*** Opening of LISTED ENTRIES ***

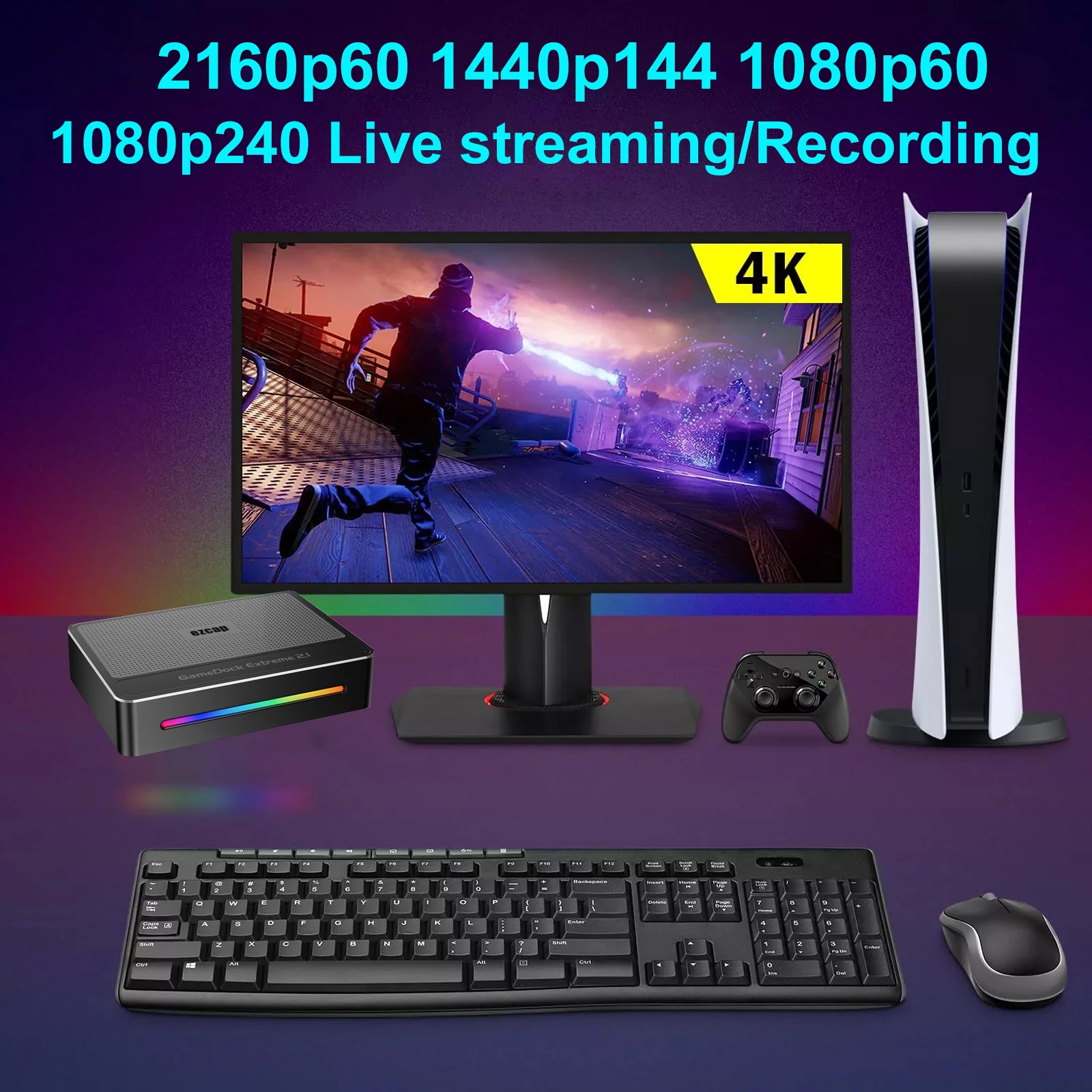 

Ezcap364 GameDock Extreme 2.1 4320p60, 2160p144, 2160p60, 1440p144, 1080p240 with Mic in & Out for Game Console Camera on OBS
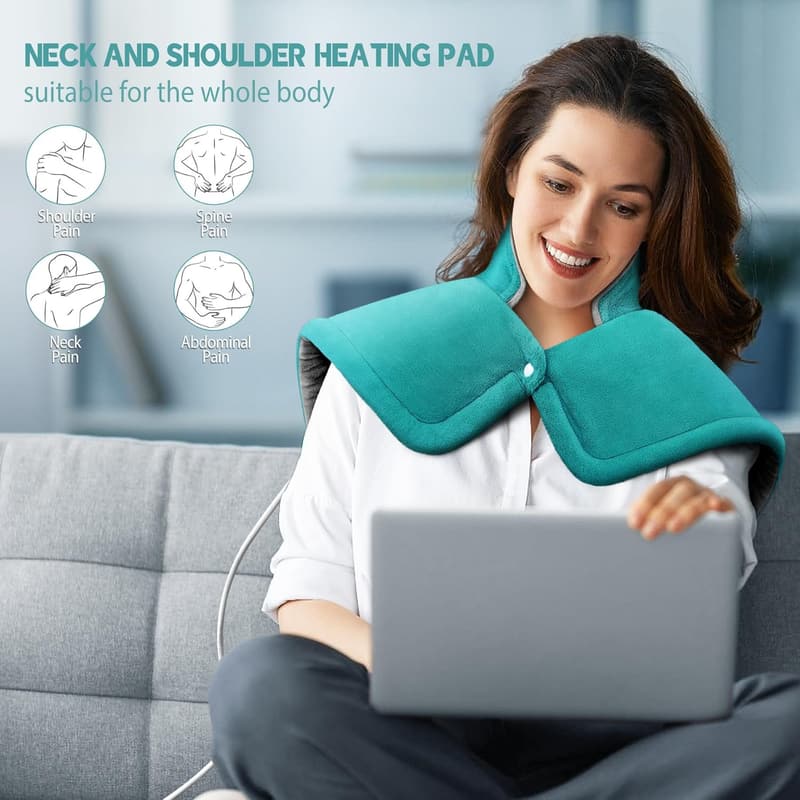 Electric Heating Pad for Neck & Back Pain Relief - Father's Day Gift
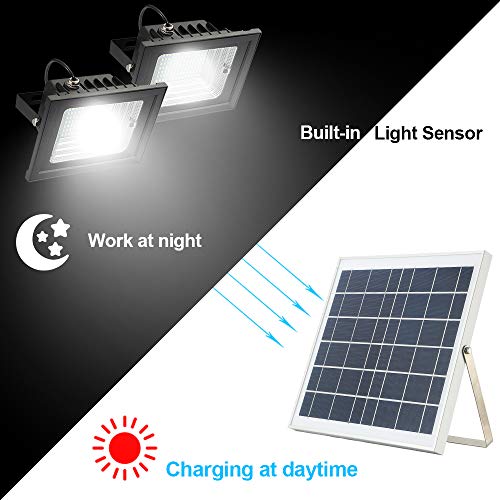 Solar Flood Lights Outdoor,JPLSK Remote Control Dual 98 LEDs 15W Solar Panel IP65 Waterproof Solar Powered Flood Light for Patio Garage Garden Driveway Yard Statute Community Sign - Thumbnail 3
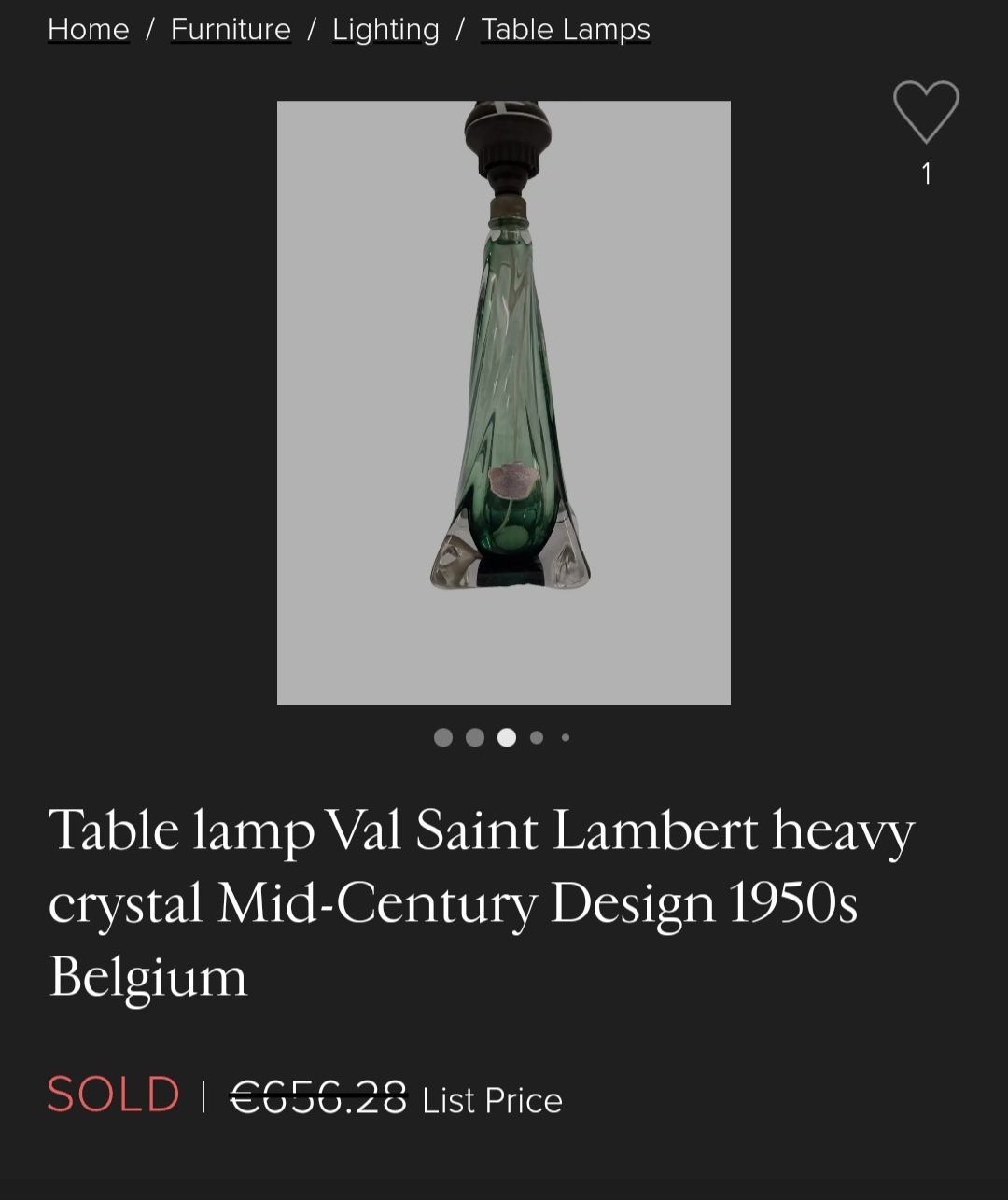 Val Saint Lambert настолни кристални лампи от 50-те години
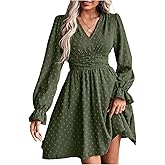 OYOANGLE Women's Spring Fall Swiss Dots Long Sleeve V Neck Ruffle Short Dress Cinched Waist Fit and Flare Dresses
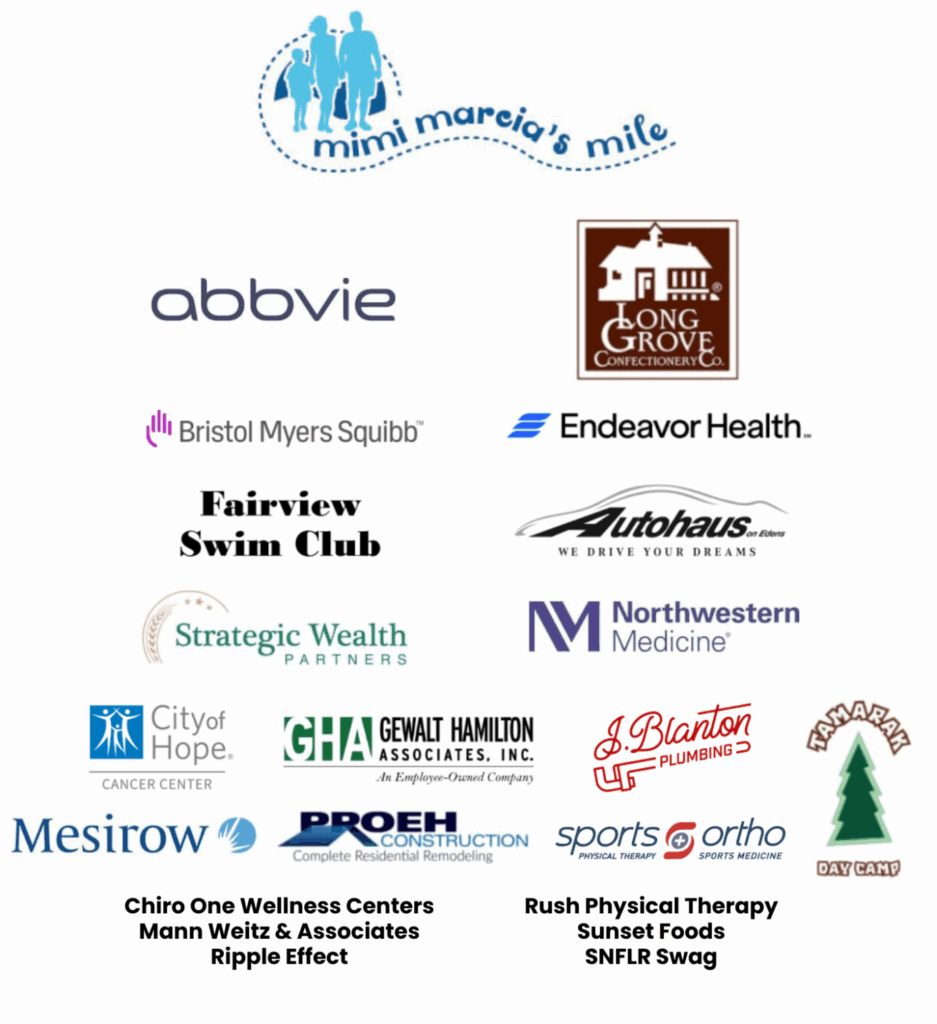 A group of business and organization logos arranged together under “mimi marcia’s mile”. Includes AbbVie, Long Grove Construction, Bristol Myers Squibb, Endeavor Health, and others, plus a city and day camp logo.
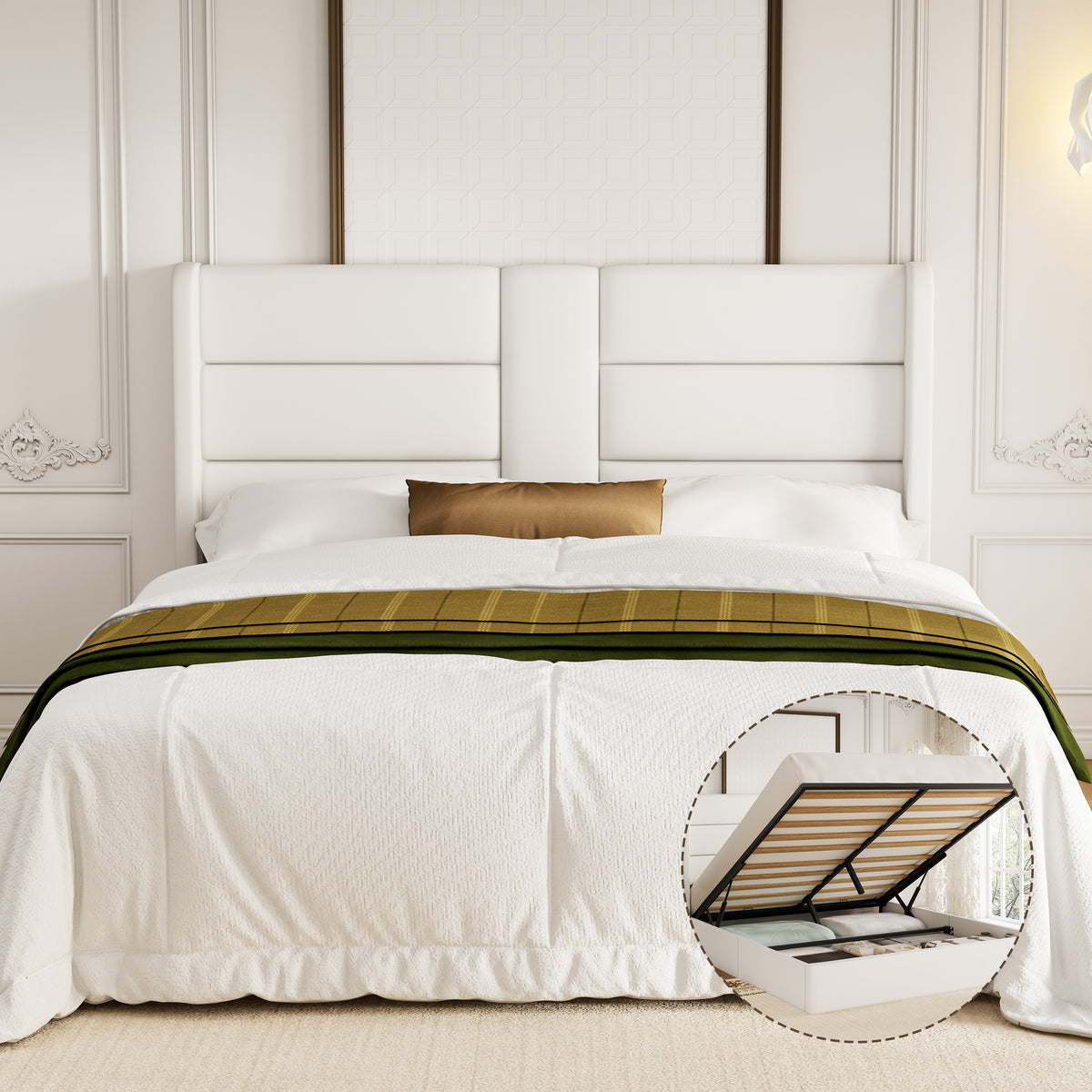 Frostbloom Queen Size Lift Up Hydraulic Storage Bed Frame Velvet Upholstered Wingback Headboard Off-White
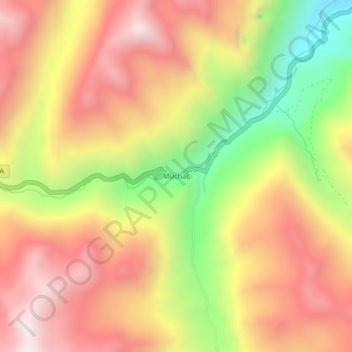 Mapa topográfico Muchac, altitude, relevo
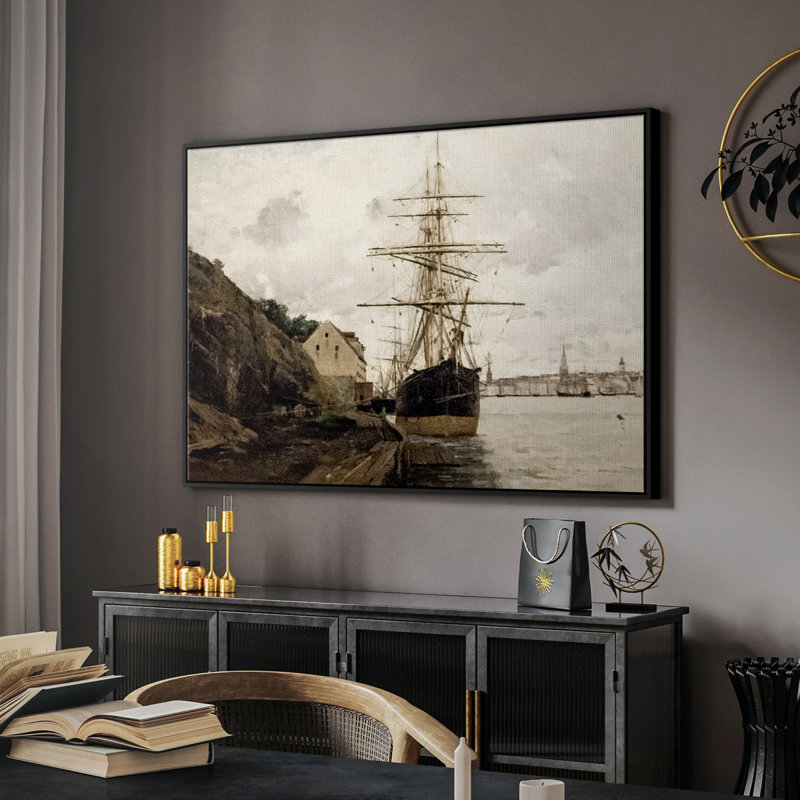 «Vintage Nautical Print-CLXI» sur, Noir, H 25 po x l 37 po
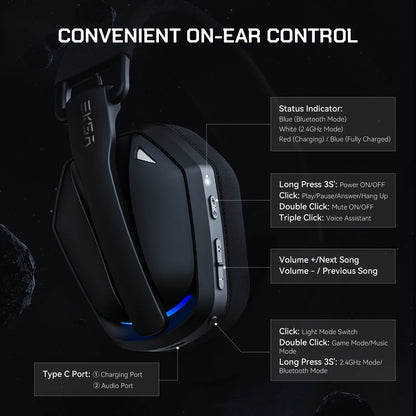 Cuffie gaming wireless tri-mode EKSA G19BT – Bluetooth 5.4, 2.4GHz a bassa latenza, cuffie gaming con microfono per PC, PS5, Xbox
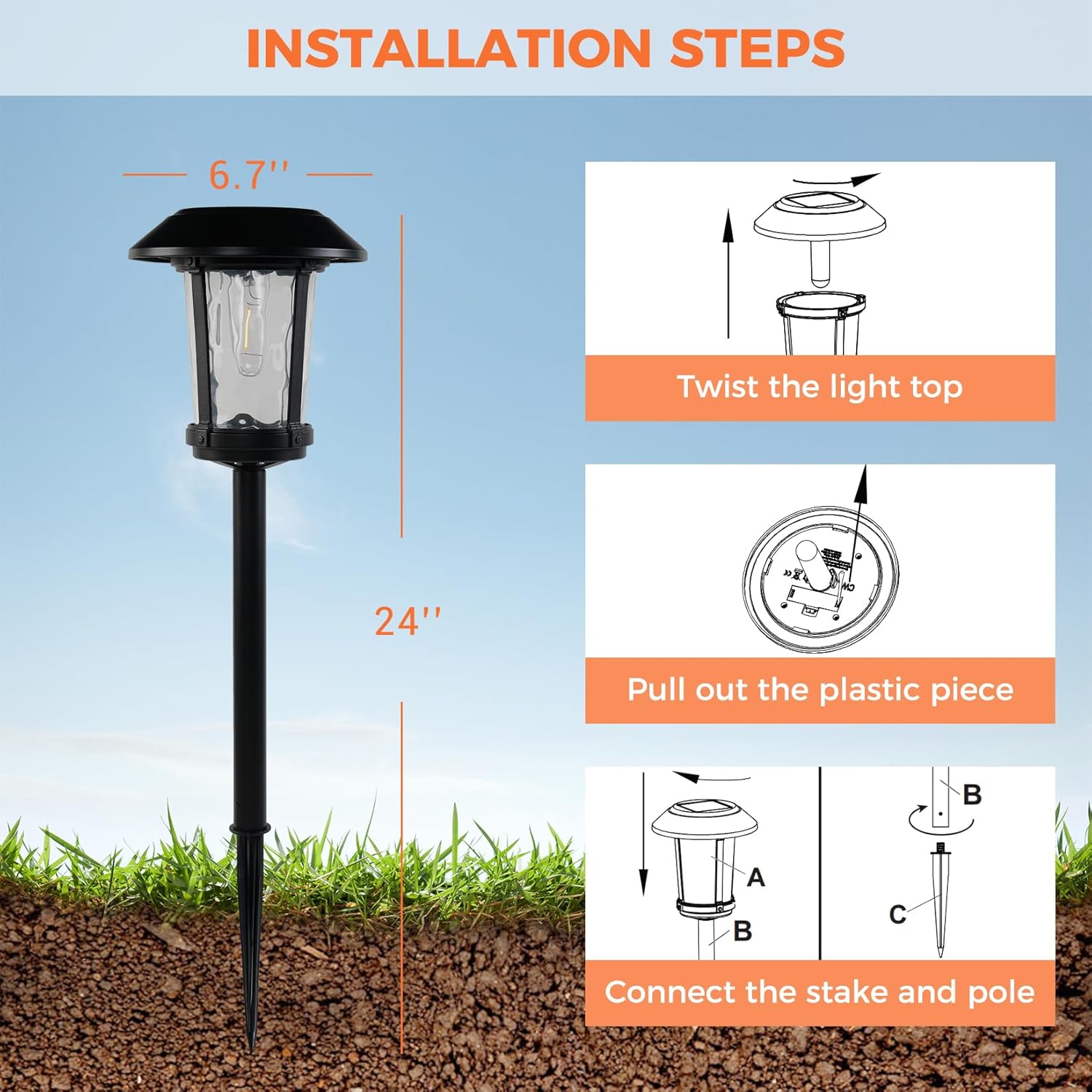 Solar Yard 5-Pack Solar Pathway Lights Outdoor, Solar Powered Garden Lights Waterproof, Auto On/Off Powered Landscape Lighting for Pathway, Porch, Walkway, Driveway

*** Close of LISTED ENTRIES ***

EXERCISE OBJECTIVE
Repeat the lines above exactly, beginning with the one containing "Electric Heating Pad" and finishing with the one containing "A group of business". No pictures belong in the copy.

WRITTEN RESPONSE
 Electric Heating Pad for Neck & Back Pain Relief - Father's Day Gift
 Solar Flood Lights Outdoor,JPLSK Remote Control Dual 98 LEDs 15W Solar Panel IP65 Waterproof Solar Powered Flood Light for Patio Garage Garden Driveway Yard Statute Community Sign - Thumbnail 3
 Val Saint Lambert настолни кристални лампи от 50-те години
 OYOANGLE Women's Spring Fall Swiss Dots Long Sleeve V Neck Ruffle Short Dress Cinched Waist Fit and Flare Dresses
 A group of business and organization logos arranged together under “mimi marcia’s mile”. Includes AbbVie, Long Grove Construction, Bristol Myers Squibb, Endeavor Health, and others, plus a city and day camp logo.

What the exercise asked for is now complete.